MATERIAL PROVIDED:
-- Opening Marker --

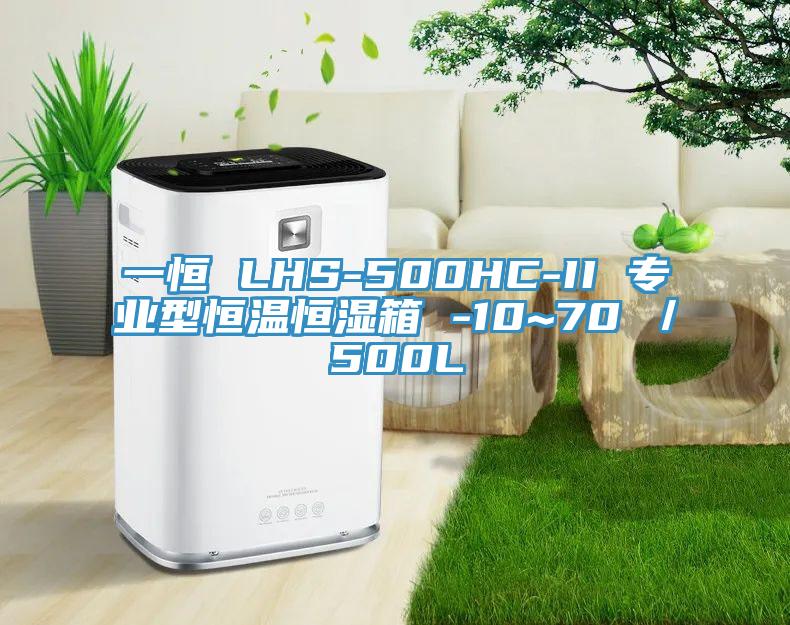 一恒 LHS-500HC-II 專業(yè)型恒溫恒濕箱 -10~70℃／500L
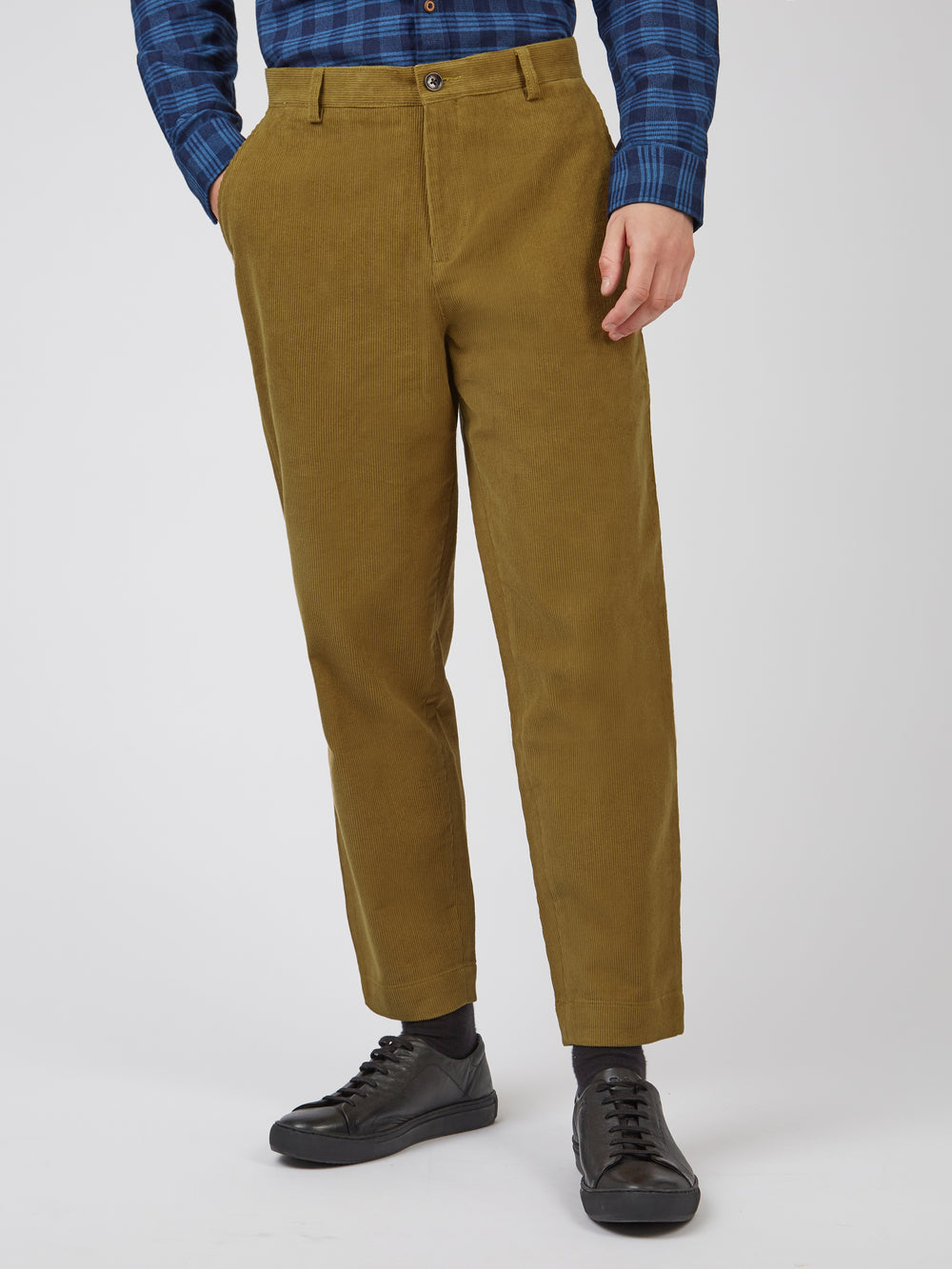 Ben Sherman Tapered Corduroy Broek Bruin | 61DWQUVOX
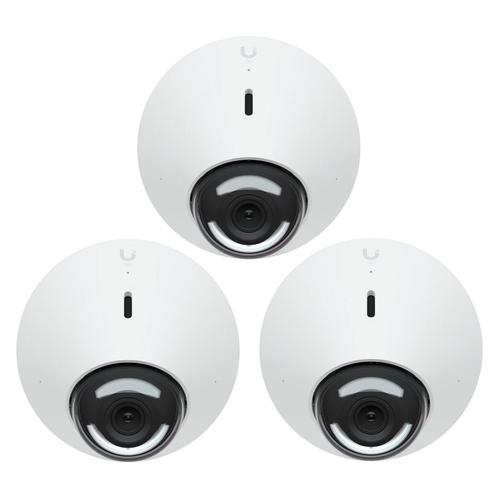 Set 3 camere de supraveghere interior si exterior Ubiquiti UVC-G5-DOME-3, 2688x1512, IPX4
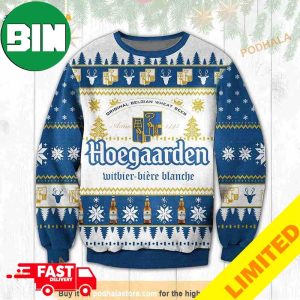 3D Hoegaarden Xmas Funny 2023 Holiday Custom And Personalized Idea Christmas Ugly Sweater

-- Closing Marker --

HOW TO COMPLETE THIS TASK: The data is to be returned exactly as it stands, pictures aside.

WRITTEN RESPONSE:
 一恒 LHS-500HC-II 專業(yè)型恒溫恒濕箱 -10~70℃／500L
 Ben Sherman Tapered Corduroy Broek Bruin | 61DWQUVOX
 Set 3 camere de supraveghere interior si exterior Ubiquiti UVC-G5-DOME-3, 2688x1512, IPX4
 3D Hoegaarden Xmas Funny 2023 Holiday Custom And Personalized Idea Christmas Ugly Sweater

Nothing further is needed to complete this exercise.